Chopping broccoli: Researchers lose paper on florets after readers raise questions
With apologies to Dana Carvey, Bioorganic & Medicinal Chemistry Letters has chopped a 2012 paper on the molecular constituents of broccoli florets after readers evidently were forced to do the job of reviewers and point out fatal flaws in the study.
The article, “Two novel bioactive glucosinolates from Broccoli (Brassica oleracea L. var. italica) florets,” came from a group in South Korea and has yet to be cited, according to Thomson Scientific’s Web of Knowledge. But according to the retraction notice, after publication critics pointed out serious problems with the work. To wit:
Concerning the above-mentioned paper, there were serious and severe comments from the readers as follows.
Glucosinolates (GLs) occurring in broccoli have been subjected to intense research for many years, and generally broccoli florets are known to mainly contain methionine-derived GLs such as 4-methylsulfinylbutyl GL and tryptophan derived glucosinolates such as 3-indolylmethyl GL (Bennett et al., 2004). We agree with the authors that search for additional GLs even in well investigated crops is relevant. But considering the aim of the research (‘to isolate and characterize glucosinolates from Brassica italica florets using different isolation techniques’, p. 5556) and the surprising structures reported we find it disappointing that none of the standard GL analysis methods was applied. And we wonder why a protocol employing a cation exchange material was selected for this purpose, apparently without testing the conventional (and logical) use of an anion exchange material.
After many discussions, it was decided that the authors were unable to answer all of the questions raised by the readers (particularly in relation to the structural elucidation of the reported compounds). Therefore, as the Asian Editor, I have decided to retract the above manuscript.

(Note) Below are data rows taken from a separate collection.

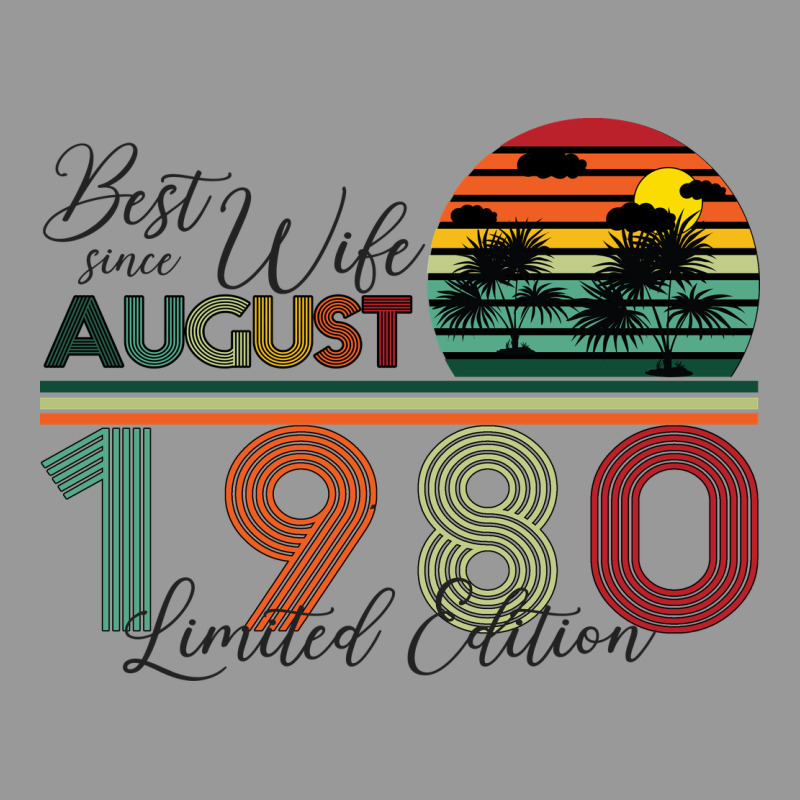 Best Wife Since August 1980 Limited Edition Vintage Hoodie by Bettercallsaul | Teevron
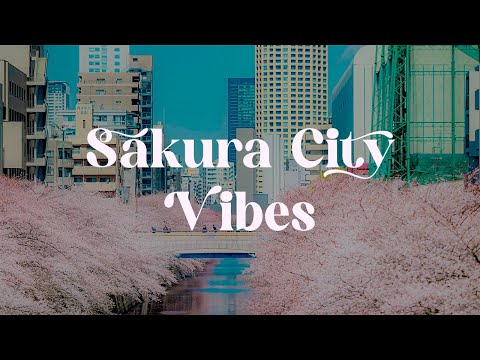 Sakura City Vibes 🌸 Japanese Lofi Mix for Relaxation and Focus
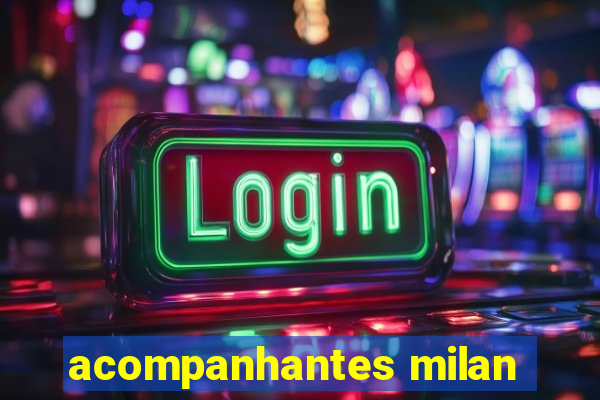 acompanhantes milan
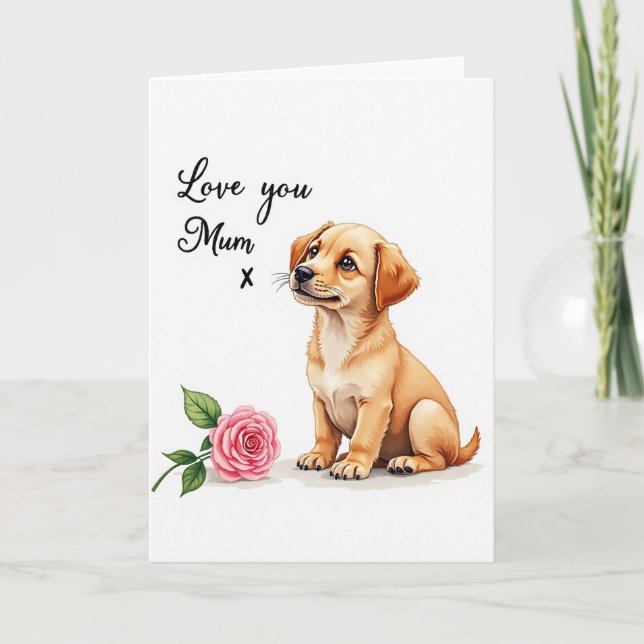 Puppy Rose Mothers Day Love Card (Front)
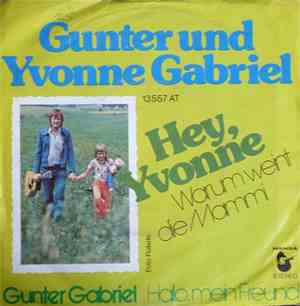 Gunter Und Yvonne Gabriel - Hey, Yvonne (Warum Weint Die Mammi)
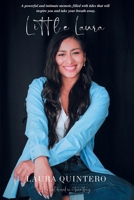 Little Laura: Finding Grace in the Tides: A Memoir of Trauma, Faith, Redemption and Resilience B0DZHTTXJ3 Book Cover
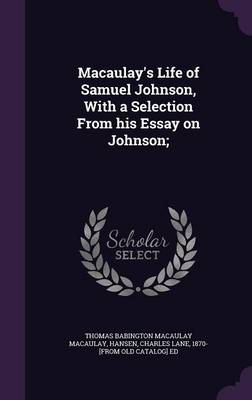 Book cover for Macaulay's Life of Samuel Johnson, with a Selection from His Essay on Johnson;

The authors acknowledge their mistake and have offered their apologies to the readers.
Now, we’re by no means experts in this area — although we both are quite fond of broccoli and its cruciferous cousins — but we know enough to ask this: If a manuscript purports to analyze a particular chemical makeup of broccoli, shouldn’t it really show evidence of that the “standard” methods of analysis were in fact employed? We’re as big fans of post-publication peer review as anyone, but that doesn’t mean pre-publication peer reviewers should abdicate their responsibilities. It’s nice of the authors to apologize. Maybe, however, the reviewers and editors also owe the readership a “sorry!”